PALO ALTO, Calif. -- Reporter's Notebook -- Industrial Origami has one of the most important attributes of a greentech startup these days. Namely, customers.
The San Francisco-based company, which has come up with a way to build products out of sheet metal more inexpensively, has already installed some of its production processes at Fortune 100 companies, according to CEO Rick Holman, during a startup cavalcade at the Always On Stanford Summit taking place today. He wouldn't identify them, and would not say how extensively these customers were using Industrial's products, but a win is a win.
If anything, the idea topped the ones presented by the other three startups. Industrial has, essentially, come up with a way to cut "smiles" or tabs into sheet metal that make it easier to assemble full-fledged products. An oven made with its processes was reduced from seven components to four. A complete car chassis can be assembled from 36 parts.

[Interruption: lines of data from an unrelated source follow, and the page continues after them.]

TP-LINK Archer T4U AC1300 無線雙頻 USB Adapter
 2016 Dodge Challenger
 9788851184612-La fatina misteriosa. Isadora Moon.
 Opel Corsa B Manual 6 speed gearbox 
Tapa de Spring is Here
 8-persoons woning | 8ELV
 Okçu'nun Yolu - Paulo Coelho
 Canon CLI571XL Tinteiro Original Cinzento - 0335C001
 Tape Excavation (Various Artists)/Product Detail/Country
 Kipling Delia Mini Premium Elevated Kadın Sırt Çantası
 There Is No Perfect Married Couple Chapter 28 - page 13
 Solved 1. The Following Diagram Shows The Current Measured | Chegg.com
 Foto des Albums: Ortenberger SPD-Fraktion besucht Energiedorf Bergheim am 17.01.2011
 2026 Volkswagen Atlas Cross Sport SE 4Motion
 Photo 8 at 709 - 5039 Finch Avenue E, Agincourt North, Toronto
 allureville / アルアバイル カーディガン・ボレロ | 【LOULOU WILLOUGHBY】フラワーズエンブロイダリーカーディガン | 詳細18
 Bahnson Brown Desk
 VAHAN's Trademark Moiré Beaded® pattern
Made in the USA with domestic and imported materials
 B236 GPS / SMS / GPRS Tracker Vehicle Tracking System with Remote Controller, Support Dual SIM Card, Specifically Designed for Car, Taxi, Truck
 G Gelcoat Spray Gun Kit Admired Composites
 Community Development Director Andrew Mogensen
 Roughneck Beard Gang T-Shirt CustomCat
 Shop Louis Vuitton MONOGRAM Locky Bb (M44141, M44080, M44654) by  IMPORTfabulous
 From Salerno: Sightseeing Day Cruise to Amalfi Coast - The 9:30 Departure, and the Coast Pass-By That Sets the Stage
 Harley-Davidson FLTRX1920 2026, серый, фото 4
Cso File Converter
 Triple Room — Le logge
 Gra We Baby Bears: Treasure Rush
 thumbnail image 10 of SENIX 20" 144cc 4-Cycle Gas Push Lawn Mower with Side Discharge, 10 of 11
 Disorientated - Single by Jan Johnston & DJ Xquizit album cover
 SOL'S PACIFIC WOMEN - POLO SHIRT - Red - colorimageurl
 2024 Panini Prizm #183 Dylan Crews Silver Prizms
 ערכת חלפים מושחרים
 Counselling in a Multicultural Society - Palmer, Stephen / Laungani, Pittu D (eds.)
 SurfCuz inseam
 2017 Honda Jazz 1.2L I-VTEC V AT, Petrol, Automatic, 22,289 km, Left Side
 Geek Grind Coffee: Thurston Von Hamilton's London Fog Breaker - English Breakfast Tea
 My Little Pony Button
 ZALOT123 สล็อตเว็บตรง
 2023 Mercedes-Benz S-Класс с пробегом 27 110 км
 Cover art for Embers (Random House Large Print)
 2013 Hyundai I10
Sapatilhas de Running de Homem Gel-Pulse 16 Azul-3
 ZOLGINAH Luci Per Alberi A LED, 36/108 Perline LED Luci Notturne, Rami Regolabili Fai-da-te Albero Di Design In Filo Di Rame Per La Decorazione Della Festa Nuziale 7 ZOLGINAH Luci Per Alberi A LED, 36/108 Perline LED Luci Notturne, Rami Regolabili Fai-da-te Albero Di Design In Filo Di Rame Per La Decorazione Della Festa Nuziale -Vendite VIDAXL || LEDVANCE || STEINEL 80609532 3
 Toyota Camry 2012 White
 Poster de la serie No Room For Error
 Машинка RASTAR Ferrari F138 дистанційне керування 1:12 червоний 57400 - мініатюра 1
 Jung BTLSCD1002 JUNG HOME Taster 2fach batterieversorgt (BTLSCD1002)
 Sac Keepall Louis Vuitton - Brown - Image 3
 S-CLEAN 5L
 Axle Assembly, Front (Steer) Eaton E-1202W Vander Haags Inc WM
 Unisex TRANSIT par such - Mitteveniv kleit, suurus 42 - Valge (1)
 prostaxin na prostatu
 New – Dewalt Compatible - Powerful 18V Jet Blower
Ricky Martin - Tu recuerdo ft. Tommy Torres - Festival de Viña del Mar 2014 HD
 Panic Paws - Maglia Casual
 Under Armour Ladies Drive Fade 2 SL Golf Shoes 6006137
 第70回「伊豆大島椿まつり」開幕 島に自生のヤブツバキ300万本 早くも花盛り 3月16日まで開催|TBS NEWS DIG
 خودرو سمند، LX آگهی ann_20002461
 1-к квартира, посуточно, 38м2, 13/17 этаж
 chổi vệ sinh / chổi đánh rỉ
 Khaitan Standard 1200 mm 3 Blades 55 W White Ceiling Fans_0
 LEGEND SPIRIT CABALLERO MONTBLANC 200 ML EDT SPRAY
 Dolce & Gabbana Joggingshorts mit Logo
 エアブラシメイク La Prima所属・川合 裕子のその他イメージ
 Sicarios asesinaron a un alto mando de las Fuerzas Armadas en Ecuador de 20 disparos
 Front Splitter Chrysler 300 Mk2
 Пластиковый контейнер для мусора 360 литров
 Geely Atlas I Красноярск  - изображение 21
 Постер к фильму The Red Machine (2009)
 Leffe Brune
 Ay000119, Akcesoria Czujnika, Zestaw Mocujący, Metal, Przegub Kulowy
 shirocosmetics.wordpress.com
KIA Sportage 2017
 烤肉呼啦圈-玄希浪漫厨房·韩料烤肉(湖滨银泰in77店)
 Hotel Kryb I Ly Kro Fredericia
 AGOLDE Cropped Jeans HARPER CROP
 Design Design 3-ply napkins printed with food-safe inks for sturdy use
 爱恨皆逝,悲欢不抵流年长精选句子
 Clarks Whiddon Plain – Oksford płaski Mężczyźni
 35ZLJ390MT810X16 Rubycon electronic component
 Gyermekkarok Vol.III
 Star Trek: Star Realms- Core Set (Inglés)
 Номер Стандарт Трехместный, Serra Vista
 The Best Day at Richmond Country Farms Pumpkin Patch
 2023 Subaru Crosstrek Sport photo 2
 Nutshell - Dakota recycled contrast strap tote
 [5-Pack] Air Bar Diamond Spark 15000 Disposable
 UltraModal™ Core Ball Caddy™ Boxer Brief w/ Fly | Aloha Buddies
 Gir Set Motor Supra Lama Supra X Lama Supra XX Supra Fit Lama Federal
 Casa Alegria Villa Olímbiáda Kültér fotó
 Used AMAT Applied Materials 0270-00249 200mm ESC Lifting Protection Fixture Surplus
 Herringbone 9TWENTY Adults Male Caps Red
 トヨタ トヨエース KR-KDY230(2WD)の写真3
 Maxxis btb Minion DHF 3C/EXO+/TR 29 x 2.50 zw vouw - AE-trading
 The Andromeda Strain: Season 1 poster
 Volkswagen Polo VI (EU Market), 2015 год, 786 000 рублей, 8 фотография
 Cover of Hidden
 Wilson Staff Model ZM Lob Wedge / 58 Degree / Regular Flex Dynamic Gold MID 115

Fewer parts means less cost: 20 percent or more by Industrial's calculation. The company will initially target appliance and car manufacturers. Products can be shipped flat and assembled later, allowing more to fit into a single container.
The company, though, faces two challenges. The first is that it requires manufacturers – who are known for being very conservative – to retrofit their lines. Changing an oven line might cost $2 million. Auto manufacturing lines can run well over $500 million. "The biggest issue is existing manufacturing methods and the fear of doing something new," he said. To show it works, Industrial re-designs an existing product to run on its technology.
Second, the company doesn't sell equipment. Instead, it licenses intellectual property and then collects a royalty based on sales or costs saved. Most manufacturers would rather remove their four front teeth with a pair of vise-grips before paying royalties, so negotiations will likely be an uphill climb.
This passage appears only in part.